The research results shown in (a) to (e) above were obtained.

This invention was made based on the above research results, and on the surface of the carbide substrate,
(A) As a lower layer, it has an average layer thickness of 1.5 to 10 μm, and Al maximum content points and Ti maximum content points are alternately present at predetermined intervals along the layer thickness direction. And the component concentration distribution structure in which Al and Ti content continuously change from the Al highest content point to the Ti highest content point, from the Ti highest content point to the Al highest content point, respectively,
Further, the highest Al content point is the composition formula: (Al _1-X Ti _X ) N (wherein X is 0.05 to 0.35 in atomic ratio), and the highest Ti content point is the composition formula. : (Ti _1-Y Al _Y ) N (wherein Y represents 0.05 to 0.35 in atomic ratio),
And the hard layer which consists of an (Al / Ti) N layer which has the composition change structure whose interval of the above-mentioned Al highest content point and Ti highest content point which adjoins consists of 0.01-0.1 micrometer,
(B) The upper layer has an average layer thickness of 1 to 10 μm, and in a magnetron sputtering apparatus, a WC target and a Ti target are used as a cathode electrode (evaporation source), a hydrocarbon decomposition gas, nitrogen and Ar The film was formed in a magnetic field in a reaction atmosphere consisting of a mixed gas, and measured with an Auger spectrometer.
W: 5 to 20 atomic%,
Ti: 5 to 20 atomic%,
Nitrogen: 0.5-18 atomic%,
And the remainder is composed of carbon and unavoidable impurities, and the crystalline Ti (C, N) compound fine particles are formed on the base of the carbon-based amorphous material containing the W component by observation with a transmission electron microscope.

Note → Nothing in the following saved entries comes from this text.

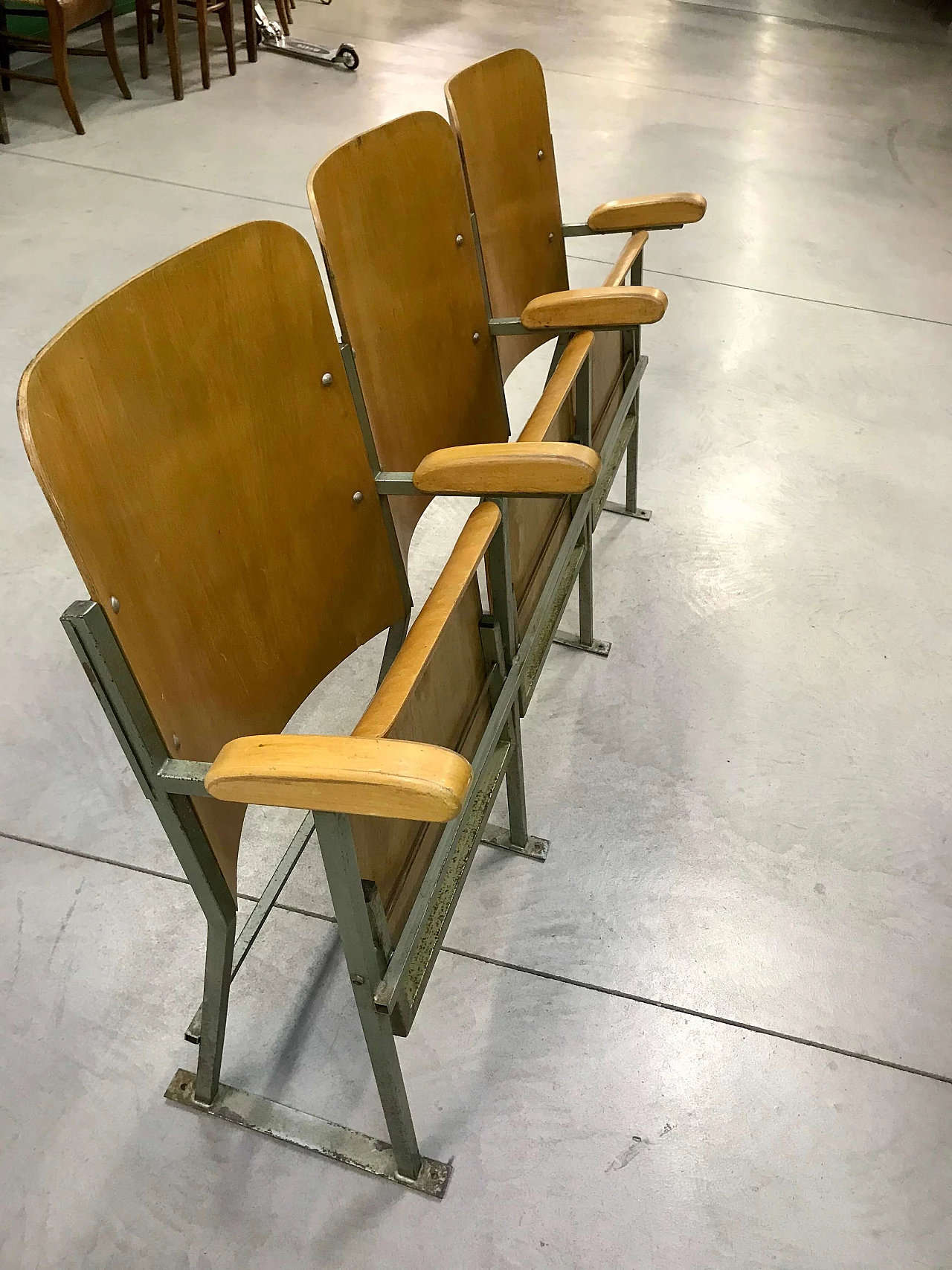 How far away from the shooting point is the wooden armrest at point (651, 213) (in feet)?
5.82

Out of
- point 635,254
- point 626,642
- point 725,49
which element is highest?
point 635,254

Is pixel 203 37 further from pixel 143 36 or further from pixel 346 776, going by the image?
pixel 346 776

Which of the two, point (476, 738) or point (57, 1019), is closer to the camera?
point (476, 738)

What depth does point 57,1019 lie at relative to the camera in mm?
1405

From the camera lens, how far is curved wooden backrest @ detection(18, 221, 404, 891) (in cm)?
79

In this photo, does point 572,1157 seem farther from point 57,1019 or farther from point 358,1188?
point 57,1019

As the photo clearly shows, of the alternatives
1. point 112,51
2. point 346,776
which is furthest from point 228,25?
point 346,776

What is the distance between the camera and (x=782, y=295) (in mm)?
3289

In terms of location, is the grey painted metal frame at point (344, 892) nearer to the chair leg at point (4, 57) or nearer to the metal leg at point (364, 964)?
the metal leg at point (364, 964)

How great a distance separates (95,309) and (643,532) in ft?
5.53

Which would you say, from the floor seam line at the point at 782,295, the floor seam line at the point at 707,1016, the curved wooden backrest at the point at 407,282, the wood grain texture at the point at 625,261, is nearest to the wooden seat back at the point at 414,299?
the curved wooden backrest at the point at 407,282

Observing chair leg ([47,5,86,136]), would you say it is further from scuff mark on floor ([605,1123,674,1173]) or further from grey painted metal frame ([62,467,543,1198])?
scuff mark on floor ([605,1123,674,1173])

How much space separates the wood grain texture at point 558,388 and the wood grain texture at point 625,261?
6.6 inches

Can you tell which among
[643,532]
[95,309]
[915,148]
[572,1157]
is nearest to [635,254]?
[643,532] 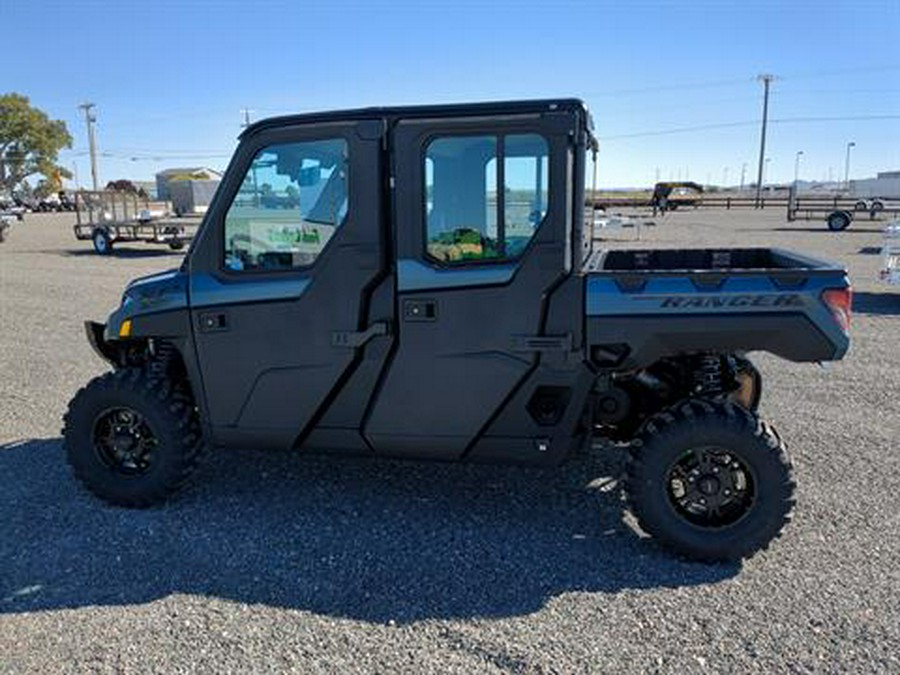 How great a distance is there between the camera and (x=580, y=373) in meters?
3.78

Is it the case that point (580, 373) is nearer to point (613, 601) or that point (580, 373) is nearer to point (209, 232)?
point (613, 601)

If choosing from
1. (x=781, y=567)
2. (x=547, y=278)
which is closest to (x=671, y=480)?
(x=781, y=567)

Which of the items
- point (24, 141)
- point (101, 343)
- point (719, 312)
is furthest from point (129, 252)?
point (24, 141)

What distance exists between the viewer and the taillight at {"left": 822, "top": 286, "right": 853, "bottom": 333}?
358 centimetres

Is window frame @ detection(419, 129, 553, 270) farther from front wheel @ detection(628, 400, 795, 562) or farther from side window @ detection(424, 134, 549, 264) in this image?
front wheel @ detection(628, 400, 795, 562)

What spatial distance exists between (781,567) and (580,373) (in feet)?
4.78

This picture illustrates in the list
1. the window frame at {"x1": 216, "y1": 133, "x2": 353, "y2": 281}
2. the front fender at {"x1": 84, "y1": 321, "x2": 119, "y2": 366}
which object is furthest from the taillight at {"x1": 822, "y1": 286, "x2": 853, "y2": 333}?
the front fender at {"x1": 84, "y1": 321, "x2": 119, "y2": 366}

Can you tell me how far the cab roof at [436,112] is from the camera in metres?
3.59

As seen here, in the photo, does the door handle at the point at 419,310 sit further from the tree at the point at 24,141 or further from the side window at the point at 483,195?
the tree at the point at 24,141

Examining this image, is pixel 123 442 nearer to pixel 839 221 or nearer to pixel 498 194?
pixel 498 194

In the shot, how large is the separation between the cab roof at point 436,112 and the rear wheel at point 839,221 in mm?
33071

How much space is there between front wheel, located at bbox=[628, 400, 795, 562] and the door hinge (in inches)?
61.5

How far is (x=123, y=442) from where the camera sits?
14.6ft

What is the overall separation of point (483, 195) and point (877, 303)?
10866 mm
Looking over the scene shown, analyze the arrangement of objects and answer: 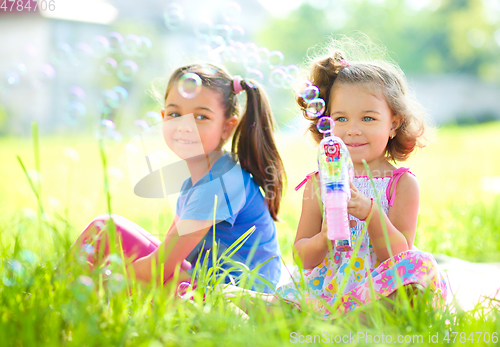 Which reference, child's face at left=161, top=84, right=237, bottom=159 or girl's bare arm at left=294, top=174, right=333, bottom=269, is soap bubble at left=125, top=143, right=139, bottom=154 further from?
girl's bare arm at left=294, top=174, right=333, bottom=269

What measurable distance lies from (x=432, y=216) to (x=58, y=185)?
170 inches

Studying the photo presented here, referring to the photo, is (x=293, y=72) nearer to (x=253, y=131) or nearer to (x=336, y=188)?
(x=253, y=131)

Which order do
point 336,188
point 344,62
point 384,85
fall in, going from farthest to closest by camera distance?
point 344,62, point 384,85, point 336,188

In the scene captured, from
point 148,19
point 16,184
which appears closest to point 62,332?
point 16,184

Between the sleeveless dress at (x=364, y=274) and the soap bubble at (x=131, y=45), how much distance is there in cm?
123

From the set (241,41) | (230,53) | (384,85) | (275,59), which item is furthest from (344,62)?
(241,41)

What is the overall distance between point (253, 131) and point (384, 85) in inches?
24.7

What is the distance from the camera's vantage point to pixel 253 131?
2090mm

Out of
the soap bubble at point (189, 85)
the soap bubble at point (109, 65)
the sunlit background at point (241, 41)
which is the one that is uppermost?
the sunlit background at point (241, 41)

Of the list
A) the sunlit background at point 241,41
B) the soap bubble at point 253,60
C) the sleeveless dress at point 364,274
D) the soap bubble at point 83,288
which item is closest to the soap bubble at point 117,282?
the soap bubble at point 83,288

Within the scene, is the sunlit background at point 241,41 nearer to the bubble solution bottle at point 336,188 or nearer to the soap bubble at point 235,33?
the soap bubble at point 235,33

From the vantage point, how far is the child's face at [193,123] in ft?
6.61

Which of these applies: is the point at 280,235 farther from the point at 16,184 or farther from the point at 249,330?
the point at 16,184

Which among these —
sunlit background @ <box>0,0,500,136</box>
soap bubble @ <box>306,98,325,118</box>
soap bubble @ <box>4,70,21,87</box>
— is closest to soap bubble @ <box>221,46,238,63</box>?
soap bubble @ <box>306,98,325,118</box> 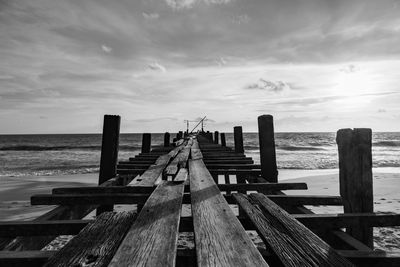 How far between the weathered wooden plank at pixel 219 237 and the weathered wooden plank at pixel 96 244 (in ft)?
1.67

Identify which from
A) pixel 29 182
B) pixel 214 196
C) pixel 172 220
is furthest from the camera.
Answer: pixel 29 182

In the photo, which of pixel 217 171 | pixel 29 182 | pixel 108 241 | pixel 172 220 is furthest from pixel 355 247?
pixel 29 182

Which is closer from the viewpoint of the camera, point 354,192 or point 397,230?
point 354,192

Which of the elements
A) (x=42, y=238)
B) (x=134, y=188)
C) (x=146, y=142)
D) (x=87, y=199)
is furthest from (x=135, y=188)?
(x=146, y=142)

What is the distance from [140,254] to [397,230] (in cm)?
805

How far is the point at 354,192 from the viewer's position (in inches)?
109

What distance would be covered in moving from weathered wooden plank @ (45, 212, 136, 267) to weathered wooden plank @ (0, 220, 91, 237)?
219mm

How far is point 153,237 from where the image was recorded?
1678 mm

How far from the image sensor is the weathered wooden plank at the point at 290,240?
4.76ft

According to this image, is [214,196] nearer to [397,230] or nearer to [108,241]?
[108,241]

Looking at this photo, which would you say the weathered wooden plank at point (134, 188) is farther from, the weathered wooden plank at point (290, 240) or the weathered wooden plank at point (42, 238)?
the weathered wooden plank at point (290, 240)

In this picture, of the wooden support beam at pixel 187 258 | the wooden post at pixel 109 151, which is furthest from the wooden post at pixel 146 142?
the wooden support beam at pixel 187 258

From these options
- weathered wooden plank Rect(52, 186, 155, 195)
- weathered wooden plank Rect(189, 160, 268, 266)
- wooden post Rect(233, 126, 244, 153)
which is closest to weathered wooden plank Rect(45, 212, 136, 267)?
weathered wooden plank Rect(189, 160, 268, 266)

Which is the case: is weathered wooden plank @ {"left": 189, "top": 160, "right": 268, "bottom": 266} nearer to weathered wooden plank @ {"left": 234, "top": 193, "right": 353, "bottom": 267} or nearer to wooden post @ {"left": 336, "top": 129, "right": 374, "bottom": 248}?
weathered wooden plank @ {"left": 234, "top": 193, "right": 353, "bottom": 267}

An amorphous carbon-based lubricating layer having a structure in which is distributed and distributed,
It is characterized by a coated carbide tool that exhibits excellent chipping resistance, which is formed by vapor-depositing the surface coating layer composed of the above (a) and (b), particularly in high-speed heavy cutting. is there.

Next, the reason why the numerical values of the constituent layers of the surface coating layer of the coated carbide tool of the present invention are limited as described above will be described.
(A) Lower layer [(Al / Ti) N layer]
(A) Composition of the highest Al content point The Al component in the lower layer (Al / Ti) N layer improves the high-temperature hardness and heat resistance, and the Ti component has the effect of improving the high-temperature strength. In particular, at the highest Al content point with a high Al component content, it will have better high-temperature hardness and heat resistance, and will exhibit excellent wear resistance under high-speed cutting conditions with high heat generation. When the X value indicating the proportion of Ti is less than 0.05 in terms of the total amount with Al (atomic ratio), the proportion of Al is excessively increased, and the highest Ti content with excellent high-temperature strength Even if dots are present adjacent to each other, the strength of the layer itself is inevitably lowered. As a result, chipping and the like are likely to occur under high speed heavy cutting conditions, while the X value indicating the ratio of Ti component exceeds 0.35. And the relative proportion of Al Therefore, the X value was determined to be 0.05 to 0.35 because the desired high-temperature hardness and heat resistance could not be secured.

(B) Composition of highest Ti content point As described above, the highest Al content point is excellent in high-temperature hardness and heat resistance, but on the other hand, it is inferior in high-temperature strength. In order to compensate for this, the Ti content is relatively high, and thereby the highest Ti content point that has excellent high-temperature strength is alternately interposed in the thickness direction, and thus the Y value indicating the Al content If the ratio (atomic ratio) of Ti with respect to the total amount of Ti exceeds 0.35, the ratio of Al becomes relatively large, and the desired excellent high-temperature strength cannot be ensured. If the value is also less than 0.05, the proportion of Ti is relatively increased, and it becomes impossible to provide the desired high-temperature hardness and heat resistance at the highest Ti content point, which promotes the progress of wear. Therefore, Y value It was determined to be 0.05 to 0.35.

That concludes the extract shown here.